Using Lua As A Serialization Format

This is somewhat of a followup to my post on Lua integration from a few days ago.

As one part of my high school senior research project this year, I wrote a universal gravitation simulator meant to help learn/teach physics. The goal was for it to be as accessible/useable as possible, so I spent 90% of the time on UI. One of the main features of the project is that you can save and load preset scenarios, for example, a grid of equal mass bodies or a dual star system.

The project is written in Rust, so during the year, I’d decided to use the super powerful, popular serde library, which integrates well with the ECS library I used, specs. I serialized to the ron format for no reason in particular other than that it’s theoretically human readable.

It worked out pretty ok and I was happy with the results; serialization/deserialization performance isn’t that imporant because the simulation can’t handle more than ~1000 bodies, so the files are pretty small. My biggest problem is that there was a lot of unnecessary data serialized and there was a lot of spacing, making it kind of unlegible for humans. I didn’t care enough to fix it though.

Recently, I added Lua integration to my rewrite of the mechanics simulator part of my project and was really surprised with how easy it was. Initially I’d planned on using Lua only as an alternative to serde/ron serialization just to be more friendly to non-coder users, but given Lua’s syntax, you can make input files that are practically markup.

The mechanics simulator rewrite is very incomplete right now so I didn’t want to write a serializer yet, but I decided to move my gravity simulator completely to Lua. The results are pretty great.
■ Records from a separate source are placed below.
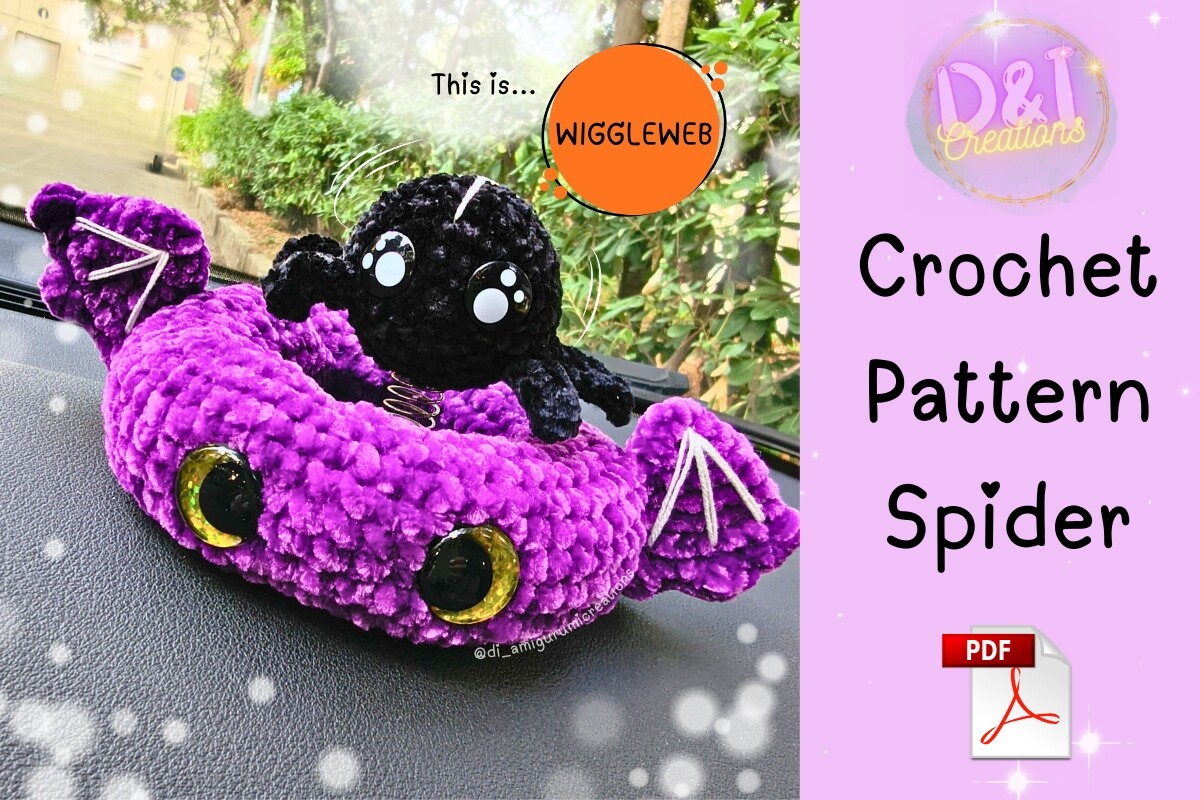 Halloween Spider Car Dashboard Crochet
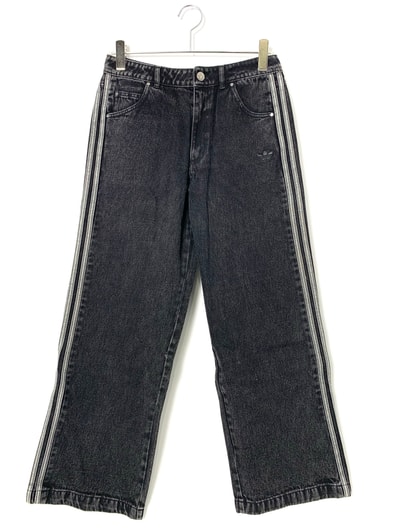adidas Women's Adicolor Denim 3-Stripes Track Pants "Black"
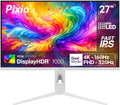 Pixio PX27UM Mini LED White 27 inch Dual Mode UHD 4K 160Hz/FHD 1920x1080 320Hz Fast IPS Panel 1ms GTG Response Time Gaming Monitor with Adaptive Sync HDR and Fully Adjustable Stand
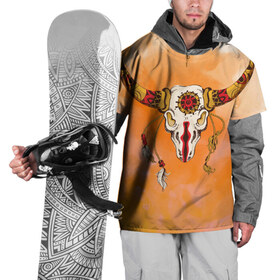 Накидка на куртку 3D с принтом этника в Петрозаводске, 100% полиэстер |  | индейцы | ловец снов | орнамент | перья | пустыня | рога | тотем | узоры | череп | этно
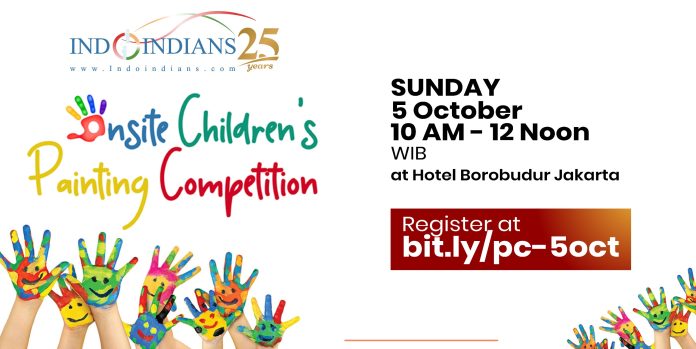 Children’s Painting Competition on Sunday, 5th Oct at Hotel Borobudur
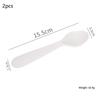 1/2/4Pcs Simple Children Tableware Plastic Baby Feeding Spoon Toddler Training Eating Utensils For Dessert Fruit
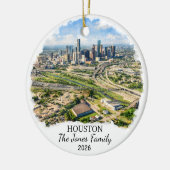Persoonlijk Houston-sieraad, Aangepast Texas Keramisch Ornament (Links)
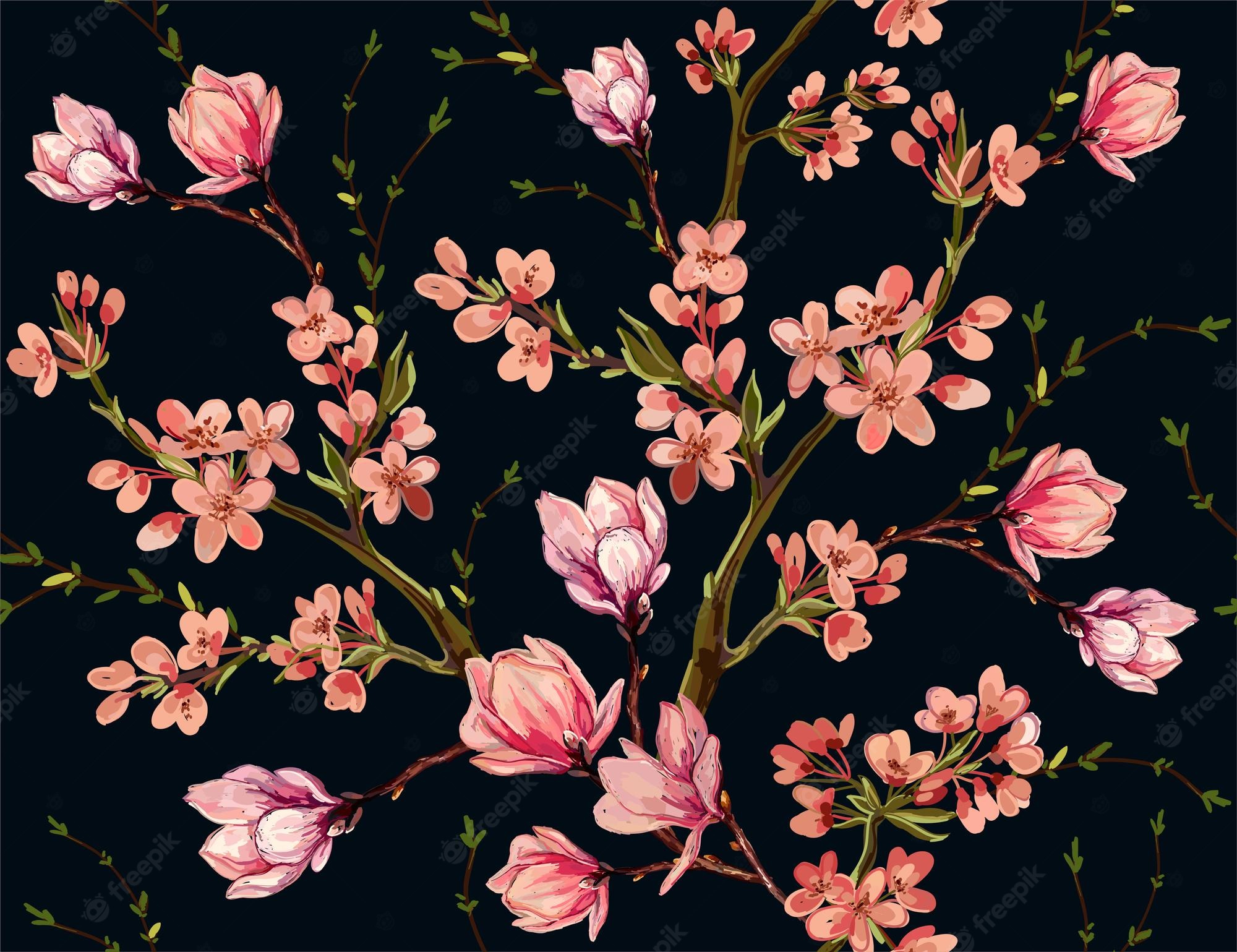 Japanese Flower Backgrounds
One of the preset situations, bench_grid, is just a huge ~1000 body grid of bodies which repel each other due to their negative mass. It’s just meant for benchmarking. With ron serialization, it was represented in a 25k line, 534 kb file. Each .ron serialized body looks like this:

 EntityData(
        marker: SimpleMarker(0),
        components: (Some(Position([
            0,
            0,
        ])), Some(Kinematics(
            vel: [
                0,
                0,
            ],
            accel: [
                0,
                0,
            ],
            past_accel: [
                0,
                0,
            ],
        )), Some(Mass(-0.2)), Some(Draw(Color(
            r: 1,
            g: 1,
            b: 1,
            a: 1,
        ))), Some(Radius(5)), Some(Trail(
            points: [],
            max_len: 35,
        ))),
    ),

While it’s technically human readable/editable, it’s very unpleasant. This really isn’t what ron was meant for.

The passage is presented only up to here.